• [Task goal] Write out the lines below exactly, beginning at the one with "Acura RDX A-Spec and Advance Packages 2023" and stopping after the one with "Скриншот 6 из Swords of Gargantua"; the pictures are not copied.
◆ ◆ ◆
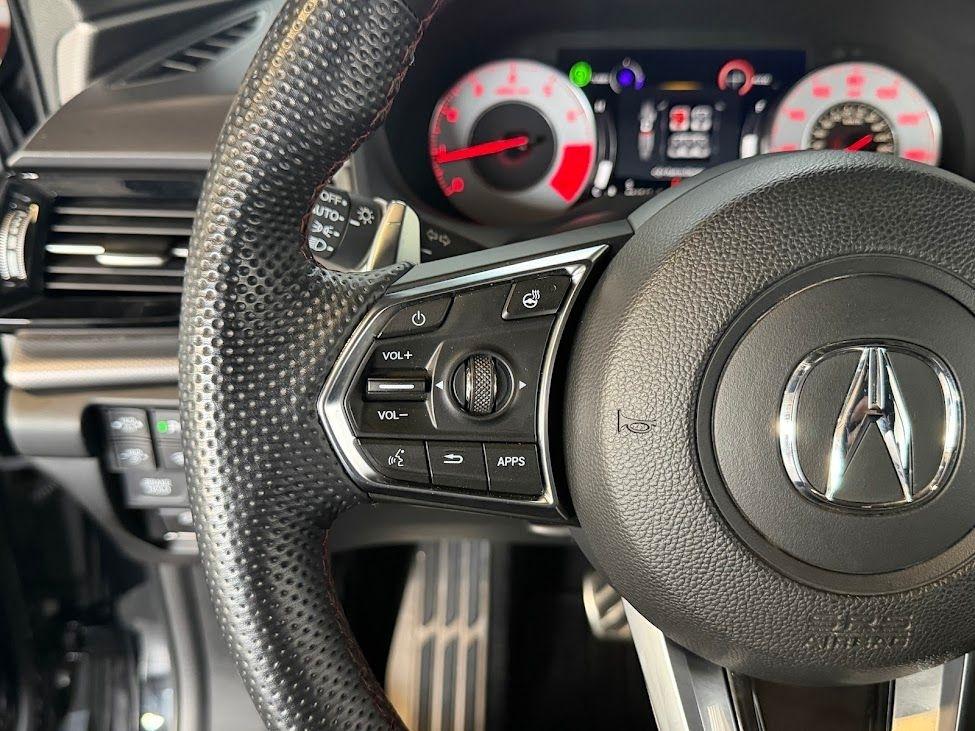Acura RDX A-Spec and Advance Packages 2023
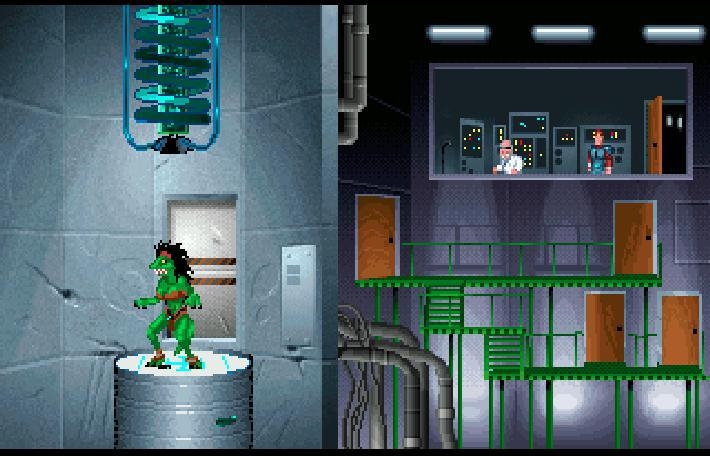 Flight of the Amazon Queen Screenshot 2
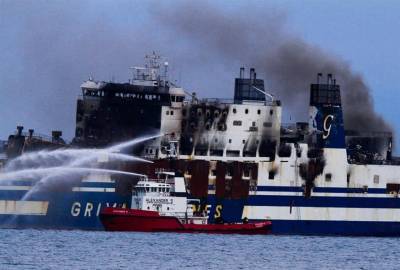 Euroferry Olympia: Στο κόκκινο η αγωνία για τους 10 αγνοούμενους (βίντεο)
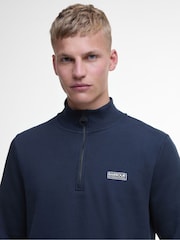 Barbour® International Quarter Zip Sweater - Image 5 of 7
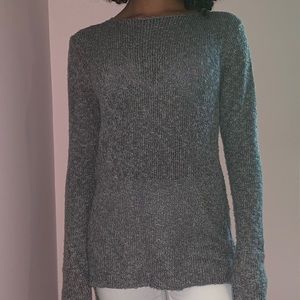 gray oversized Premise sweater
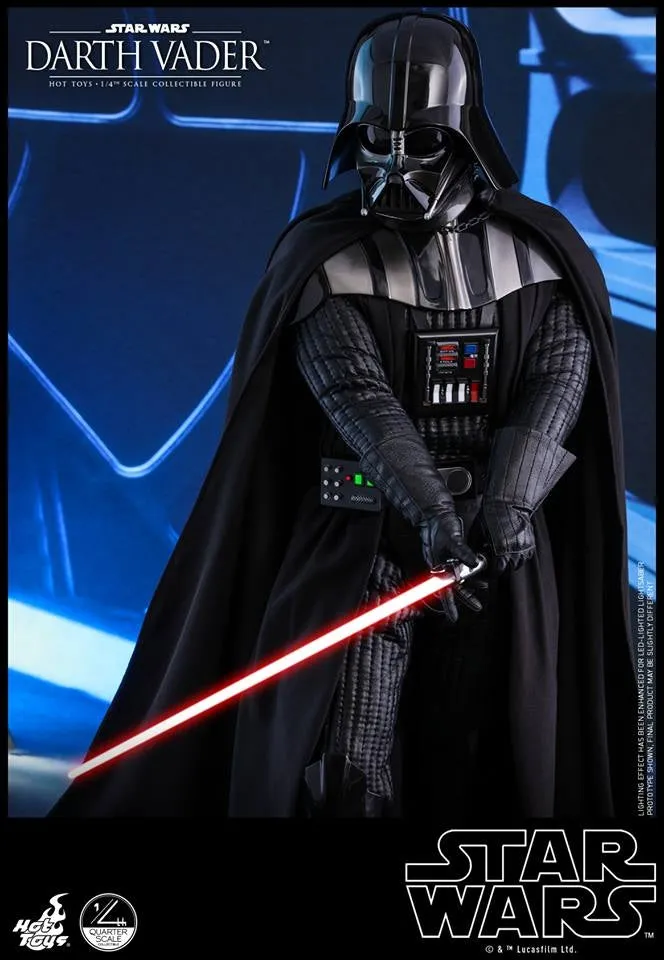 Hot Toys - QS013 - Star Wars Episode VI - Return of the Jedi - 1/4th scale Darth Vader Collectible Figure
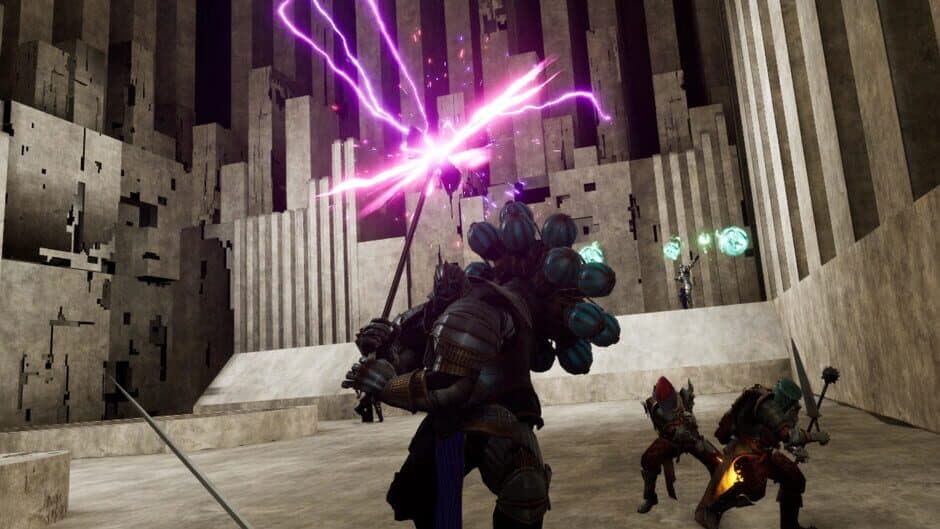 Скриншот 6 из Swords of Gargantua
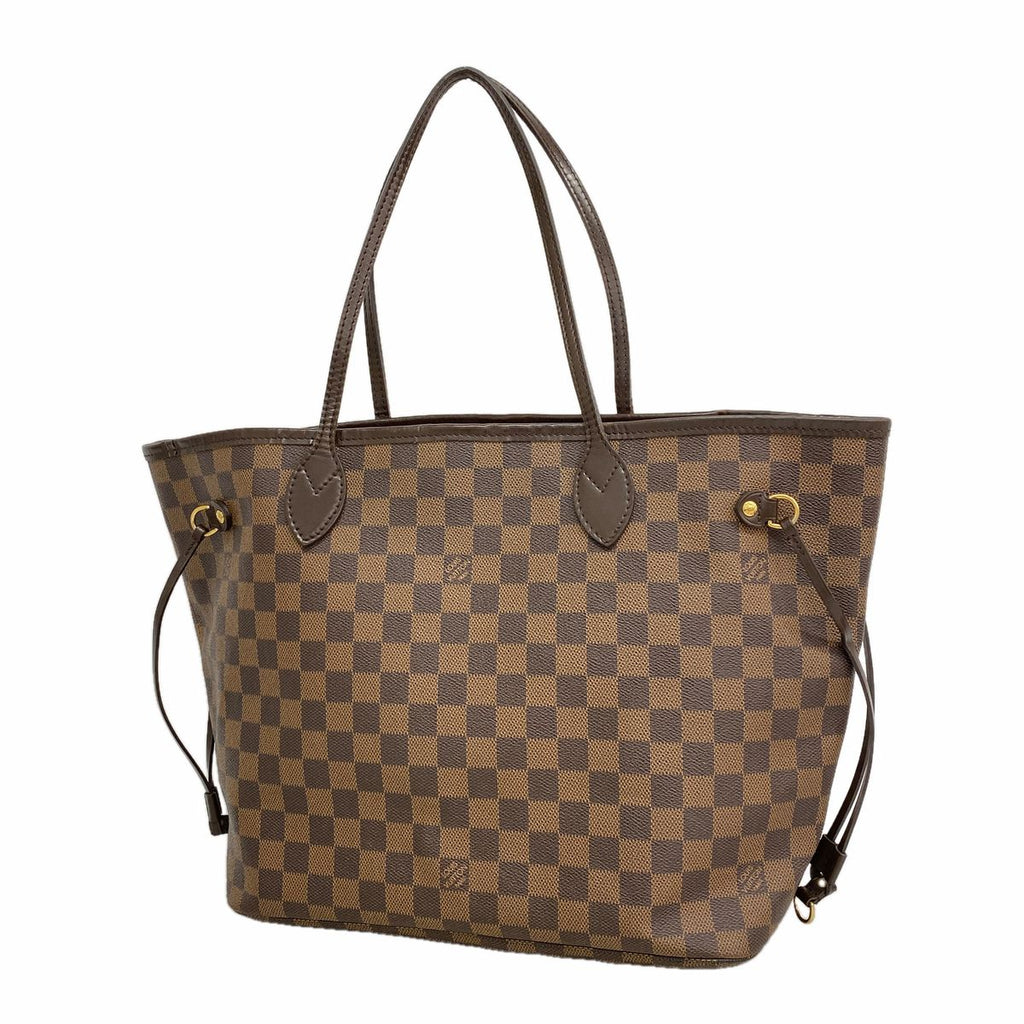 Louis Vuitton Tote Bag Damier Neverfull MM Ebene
◆ ◆ ◆
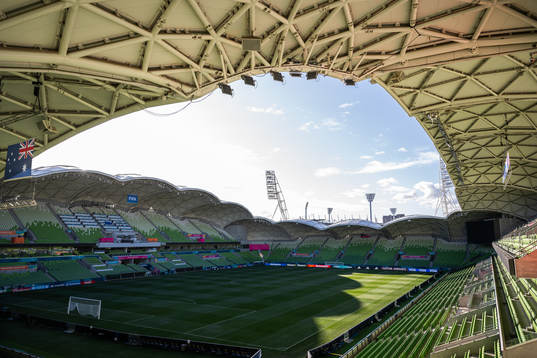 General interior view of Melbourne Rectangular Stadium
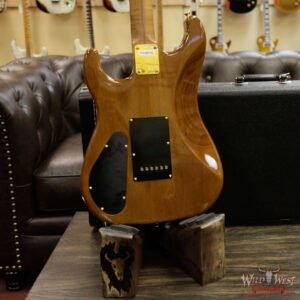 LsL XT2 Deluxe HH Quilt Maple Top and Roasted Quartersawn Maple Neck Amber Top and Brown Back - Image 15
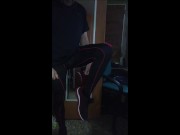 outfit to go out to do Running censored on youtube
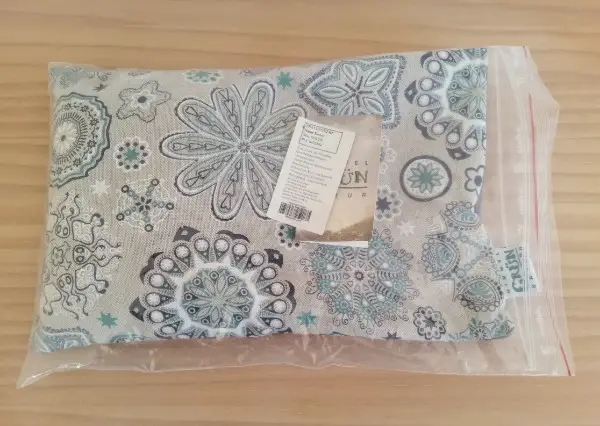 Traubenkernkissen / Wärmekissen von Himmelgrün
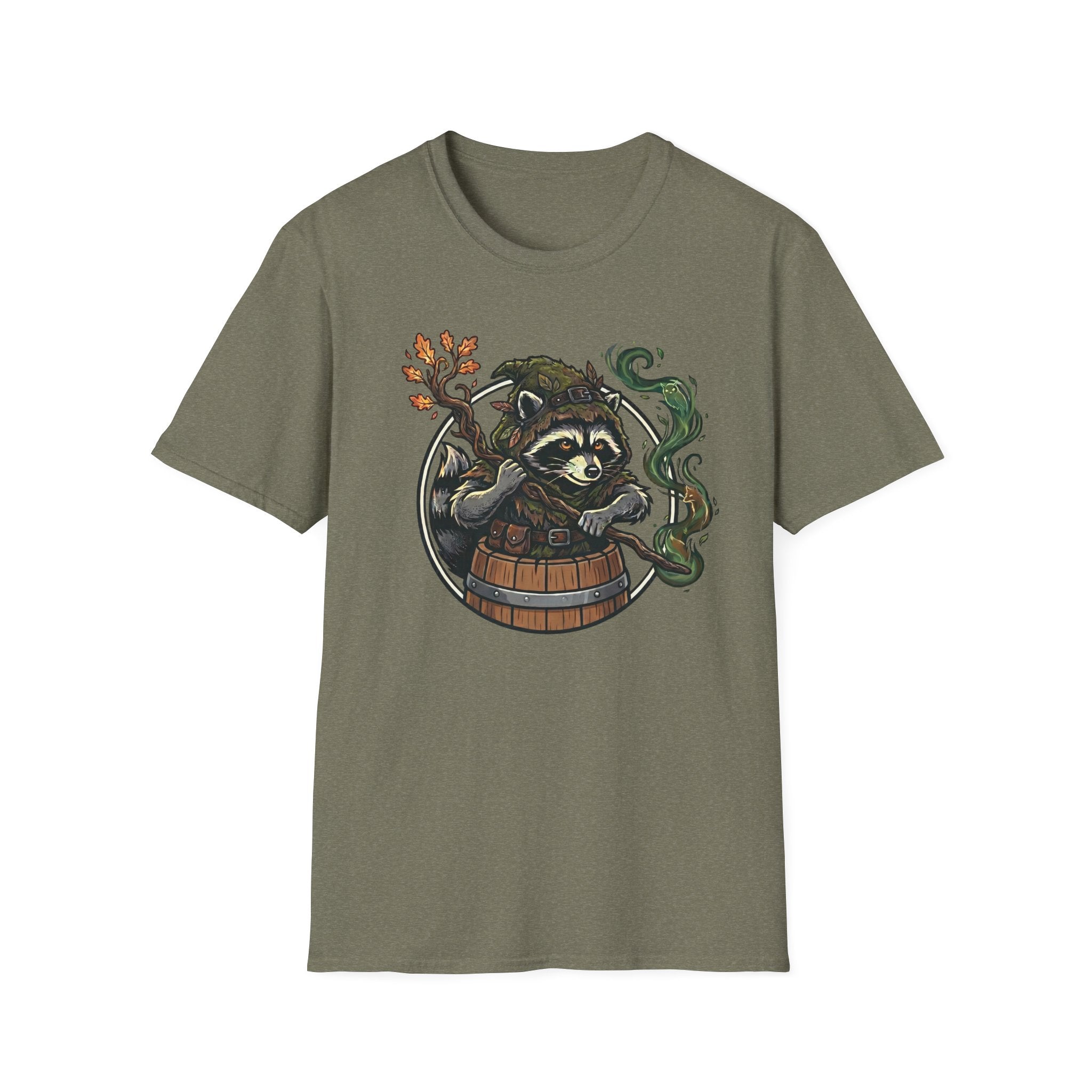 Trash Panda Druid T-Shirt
◆ ◆ ◆
• [Response area]
Acura RDX A-Spec and Advance Packages 2023
 Flight of the Amazon Queen Screenshot 2
 Euroferry Olympia: Στο κόκκινο η αγωνία για τους 10 αγνοούμενους (βίντεο)
 Barbour® International Quarter Zip Sweater - Image 5 of 7
 gray oversized Premise sweater
 Hot Toys - QS013 - Star Wars Episode VI - Return of the Jedi - 1/4th scale Darth Vader Collectible Figure
 Скриншот 6 из Swords of Gargantua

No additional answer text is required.